*** SOURCE DATA
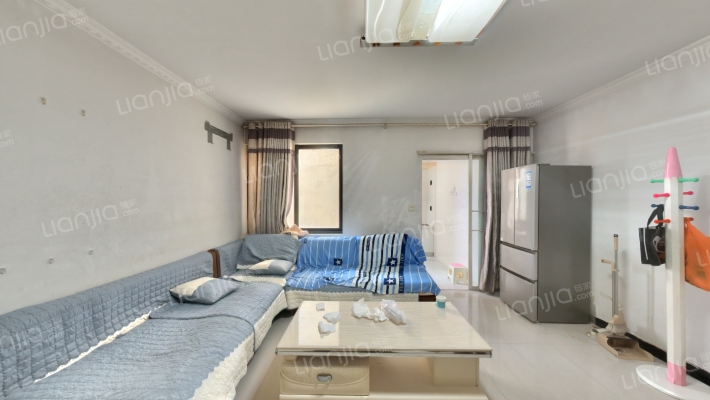 金玉人家二手房实景图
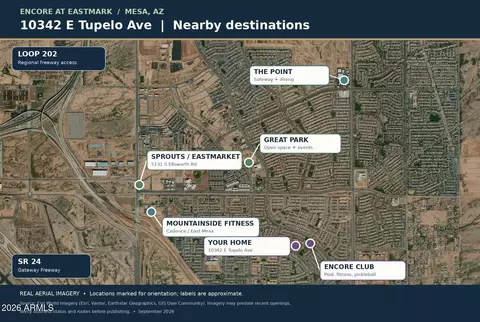 View/Area - 10342 E Tupelo Ave, Mesa, AZ 85212 photo 8 of 8
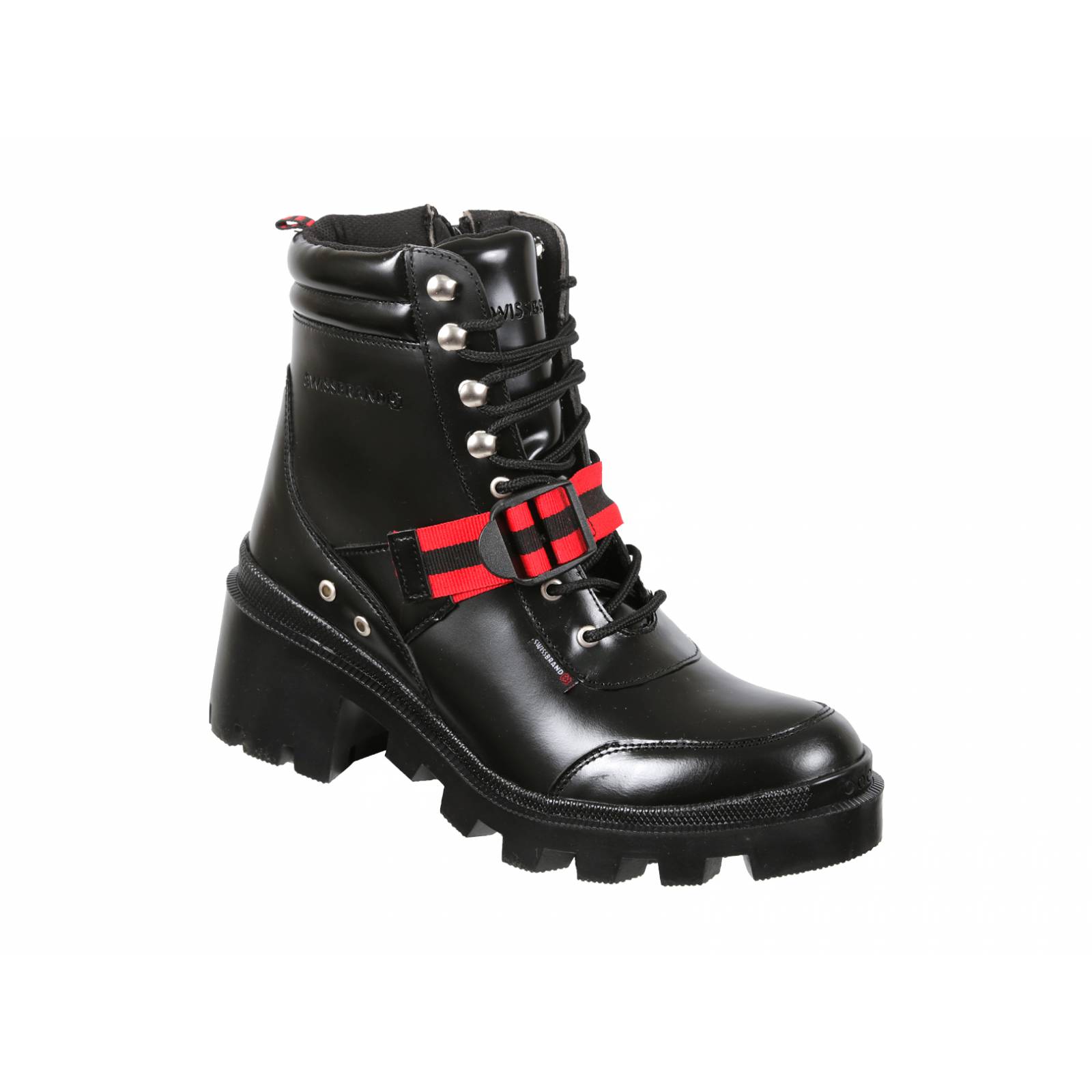 Botas swissbrand para discount dama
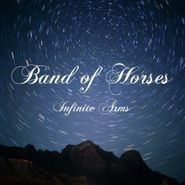 Band Of Horses, Infinite Arms [180 Gram Vinyl] (LP)
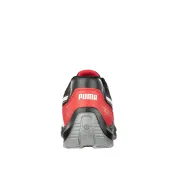 Scarpe antinfortunistiche Puma Touring Black Low S3 ESD SRC 643410 Scarpe antinfortunistiche Puma Touring Black Low S3 ESD SRC 643410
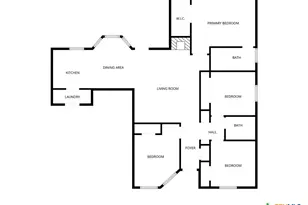 1301 Fairbanks St, Copperas Cove, TX 76522 - Photo 3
******
Each record above should be retyped exactly, with no pictures carried over.

 金玉人家二手房实景图
 View/Area - 10342 E Tupelo Ave, Mesa, AZ 85212 photo 8 of 8
 Botas swissbrand para discount dama
 Band Of Horses, Infinite Arms [180 Gram Vinyl] (LP)
 Scarpe antinfortunistiche Puma Touring Black Low S3 ESD SRC 643410 Scarpe antinfortunistiche Puma Touring Black Low S3 ESD SRC 643410
 1301 Fairbanks St, Copperas Cove, TX 76522 - Photo 3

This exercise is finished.